Interleukin (IL)-11 has anti-inflammatory activity in animal models of gut
inflammation,
endotoxemia, and radiation-induced
thoracic injury. The aim of the present study was to investigate the protective role of
IL-11 in a model of
acute necrotizing pancreatitis in mice.
Acute pancreatitis was induced by administration of seven
intraperitoneal injections of
cerulein (50 microg/kg) at hourly intervals.

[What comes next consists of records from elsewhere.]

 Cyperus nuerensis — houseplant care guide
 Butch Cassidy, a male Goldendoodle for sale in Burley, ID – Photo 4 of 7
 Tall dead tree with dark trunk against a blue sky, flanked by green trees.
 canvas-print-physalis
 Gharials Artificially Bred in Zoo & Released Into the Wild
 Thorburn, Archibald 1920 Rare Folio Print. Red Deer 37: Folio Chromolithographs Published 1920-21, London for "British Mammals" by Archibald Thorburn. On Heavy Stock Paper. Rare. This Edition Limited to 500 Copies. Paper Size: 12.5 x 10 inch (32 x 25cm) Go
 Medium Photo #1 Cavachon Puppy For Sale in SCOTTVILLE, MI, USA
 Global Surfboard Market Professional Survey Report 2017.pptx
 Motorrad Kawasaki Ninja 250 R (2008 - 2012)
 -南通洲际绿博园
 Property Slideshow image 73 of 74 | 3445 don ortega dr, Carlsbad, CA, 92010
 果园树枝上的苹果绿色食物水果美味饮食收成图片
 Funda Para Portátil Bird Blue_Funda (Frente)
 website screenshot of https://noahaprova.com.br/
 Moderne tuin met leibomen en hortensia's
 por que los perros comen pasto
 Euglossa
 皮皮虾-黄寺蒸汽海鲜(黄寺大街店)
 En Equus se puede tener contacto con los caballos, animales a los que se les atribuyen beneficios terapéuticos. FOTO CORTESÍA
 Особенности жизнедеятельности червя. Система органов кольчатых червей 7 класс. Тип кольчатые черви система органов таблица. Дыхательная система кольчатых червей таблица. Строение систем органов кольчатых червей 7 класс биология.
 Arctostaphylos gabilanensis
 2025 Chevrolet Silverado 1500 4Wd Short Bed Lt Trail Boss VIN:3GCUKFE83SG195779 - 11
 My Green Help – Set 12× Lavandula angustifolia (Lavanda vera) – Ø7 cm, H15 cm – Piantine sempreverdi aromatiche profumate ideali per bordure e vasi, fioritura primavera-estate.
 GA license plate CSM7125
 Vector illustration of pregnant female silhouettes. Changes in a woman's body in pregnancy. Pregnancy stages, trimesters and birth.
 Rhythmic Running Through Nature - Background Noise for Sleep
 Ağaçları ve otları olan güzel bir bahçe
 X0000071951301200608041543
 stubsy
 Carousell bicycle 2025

Lipopolysaccharide (LPS) was injected 5 hours after the first
cerulein injection. Treatment with recombinant human
IL-11 (rhIL-11) was started 30 minutes before the first
cerulein injection and repeated 4 hours later. Serum levels of
amylase,
lipase, and
tumor necrosis factor (
TNF)-alpha were measured at the end of the experiments. The severity of
pancreatitis was evaluated by histological scoring using a semiquantitative analysis of
hematoxylin and
eosin-stained sections of the pancreas. Competitive reverse transcription-polymerase chain reaction (RT-PCR) was performed to quantify the intrapancreatic
TNF-alpha mRNA levels. Serum
amylase and
lipase levels progressively increased with a maximum reached between 8 and 11 hours. Treatment with
rhIL-11 significantly decreased
amylase and
lipase levels at 6 and 8 hours. Serum
TNF-alpha peaked at 6 hours and rapidly decreased thereafter. The elevation of serum
TNF-alpha was markedly inhibited by treatment with
rhIL-11. Histologically, treatment of
rhIL-11 reduced the severity of pancreatic injury including
edema, inflammatory cell infiltration, and
hemorrhage at 6 hours. Intrapancreatic
TNF-alpha mRNA levels were reduced by >50% in the rhIL-11-treated group at 6 hours. In conclusion,
rhIL-11 decreased the severity of experimental
pancreatitis early on but not later and inhibited the intrapancreatic TNF
mRNA expression in vivo, suggesting that the protective effect of
IL-11 during the early stage of
acute pancreatitis may be mediated, at least in part, through modulation of TNF production.